Systems engineering in its current approach has really been a reactive change process with ineffective traceability back to the requirements given the multiple heterogenous software tools, as well as little to no connected validation of the sub-systems. There has been no ability to test what happens to the whole when a single part malfunctions, and make adjustments within context of all the involved systems.

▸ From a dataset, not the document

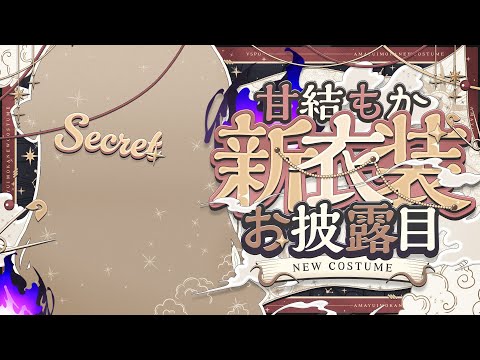 [#Amayui Moka New Costume Reveal] First Costume Change🔖 [Vspo! Amayui Moka]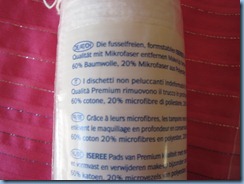 IMG_4940 IMG_4940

A Requirement, Functional, Logical, and Physical (RFLP) approach has evolved to help counteract this fragmentation and guide the vehicle architects chartered with the overall design. RFLP provides a collaborative engineering methodology that can capture, manage and track product requirements with full traceability, all from one engineering desktop window. Based upon a single, open, and scalable service oriented architecture platform, RFLP provides a unified infrastructure to share whole data across the specific discipline. With this approach, changing the product and/or requirements is completely traceable as to how it impacts the other systems.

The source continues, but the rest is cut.